I. L’Art des premières années de la révolution
« Picasso, ce n’est pas de l’Art nouveau. »
L’art russe s’est trouvé au début du XXe siècle à la pointe du processus artistique mondial. Les décennies qu’il a fallu consacrer en France au renouveau de l’art pictural se sont condensées en Russie en une quinzaine d’années. Les années 1910 ont été marquées par l’influence grandissante du cubisme, qui modifia le « profil » même de l’art figuratif. Mais vers 1913, déjà, la rupture s’est faite sentir, de nouveaux problèmes plastiques ont surgi.

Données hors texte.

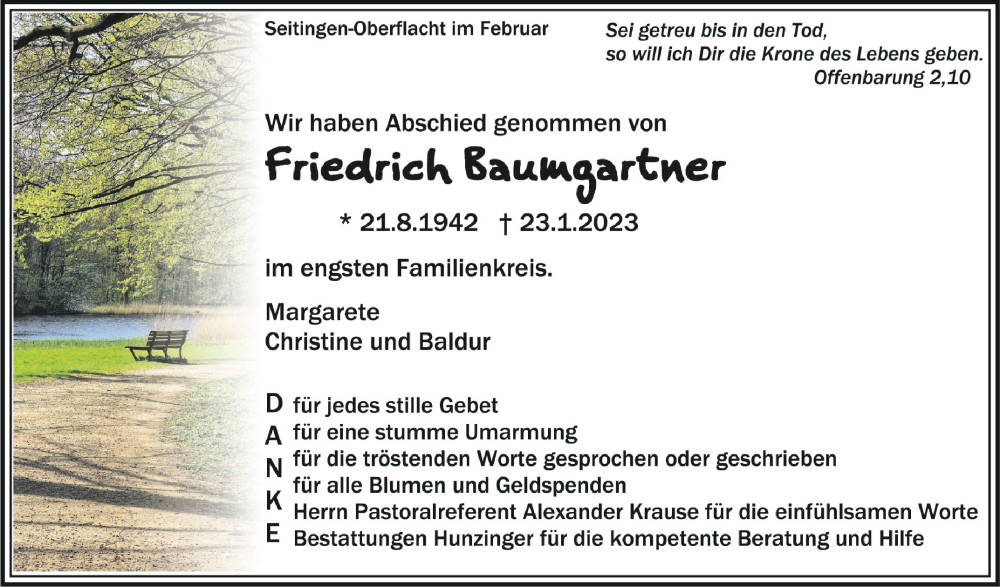  Traueranzeige für Friedrich Baumgartner vom 03.02.2023 aus Schwäbische Zeitung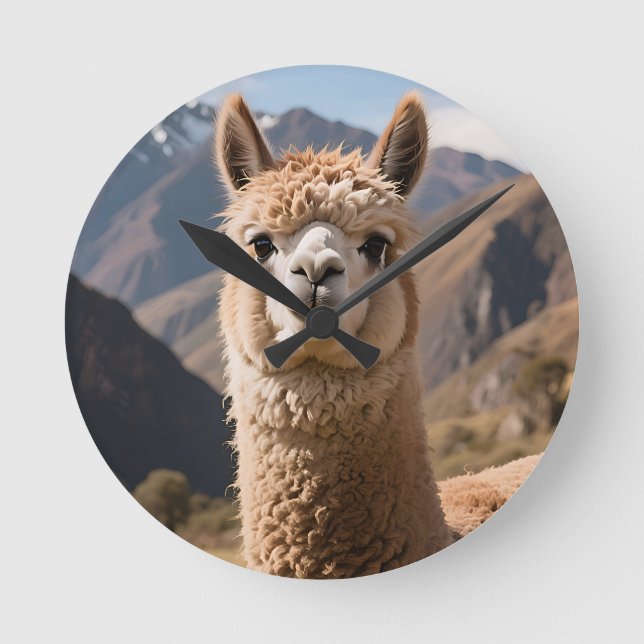 Nyfiken Llama Bergsporträtt Rund Klocka (Framsida)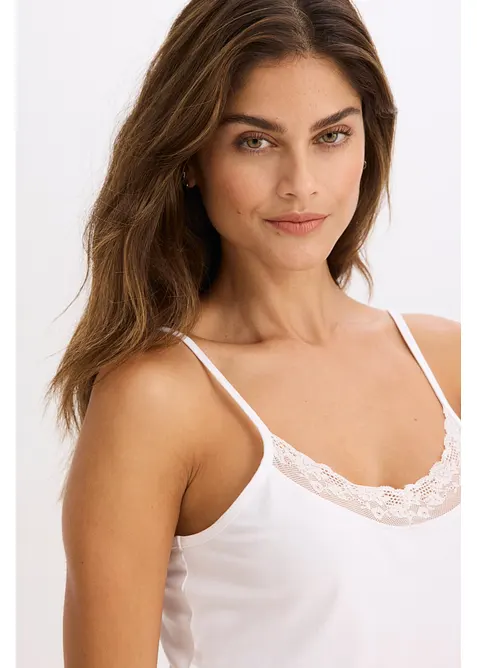 Hemd met biologisch katoen en kant (set van 2), bonprix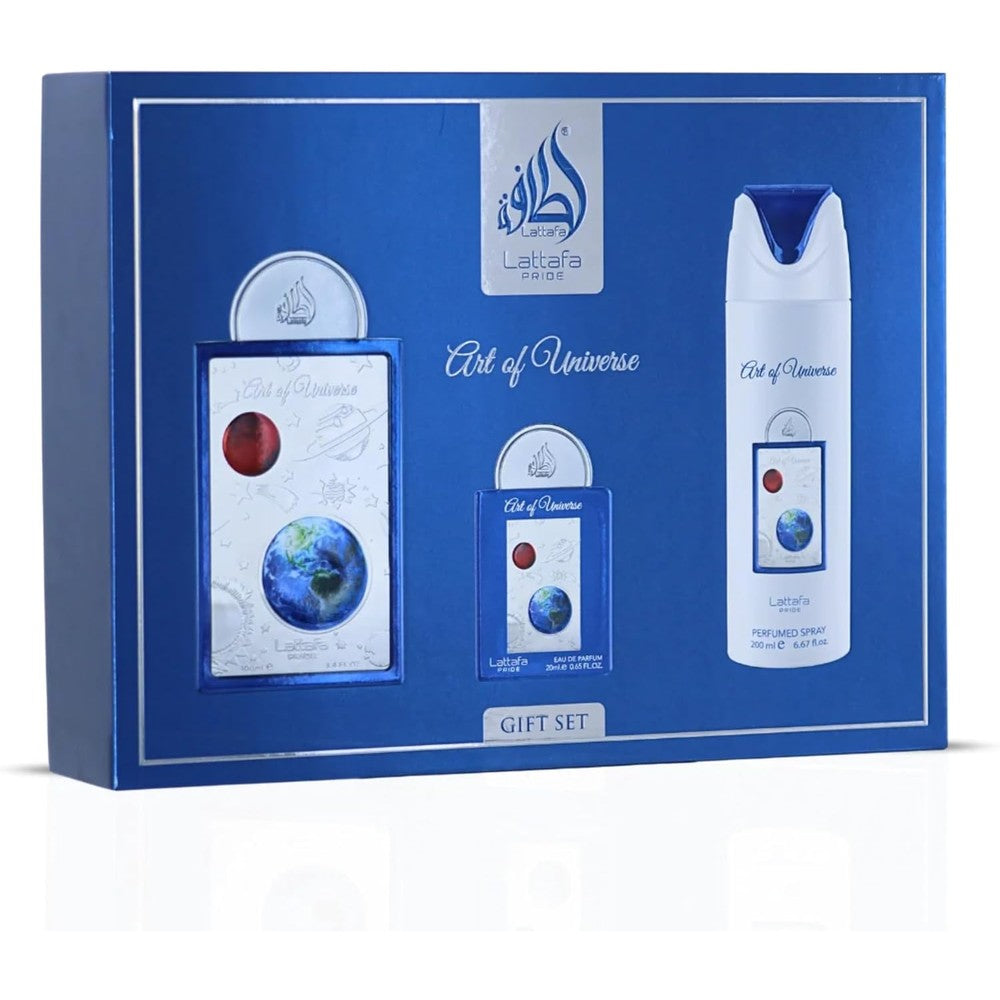 Lattafa Pride Art of Universe 3-piece gift set front view
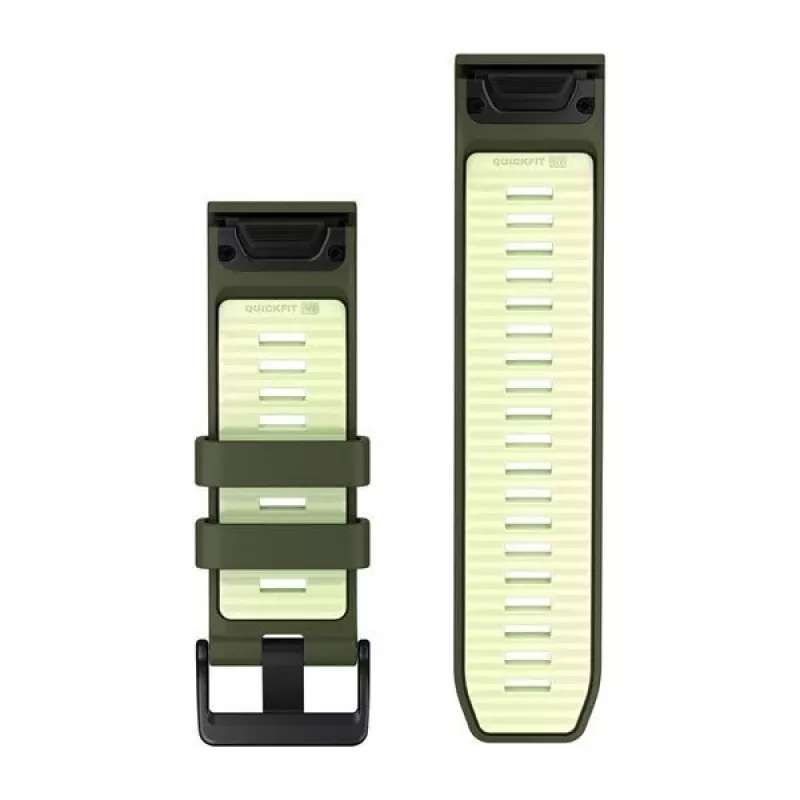 Garmin QuickFit 26 mm bracelete de silicone para relógios - Olive Drab / Lemon 010-14508-01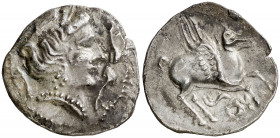 Kum. Dracma ibérica de imitación emporitana. (FAB. 1157) (ACIP. 391) (A.N. 36, pág. 45, nº 10, mismo ejemplar). Pequeña incrustación en reverso. Atrac...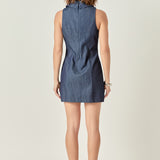 Denim Collared Mini Dress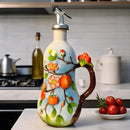 18 Oz Hand Painted Relief Ceramic Olive Oil Bottle Dispenser for Kitchen, Oil and Vinegar Bottle, Seasoning Bottle with Stainless Steel Nozzle, 540mL Oil Container with Handle for Cooking, Light Proof by CozyNest Decor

Et c’est vers l’avant-garde russe que s’est mis à pencher le plateau de la balance. En mars 1914, Pavel Filonov déclare que « le centre de gravité de l’art » s’est déplacé en Russie[1]. Dès 1912, Filonov critiqua Picasso et le cubo-futurisme, « conduit à l’impasse par ses principes[2] ». Cela fut dit dans la période du triomphe de ce mouvement aux expositions russes. Les penseurs et les peintres russes les plus sensibles virent dans le cubisme et la création de Picasso non pas le début d’un l’Art nouveau mais l’aboutissement de l’ancienne lignée dont Ingres était à l’origine.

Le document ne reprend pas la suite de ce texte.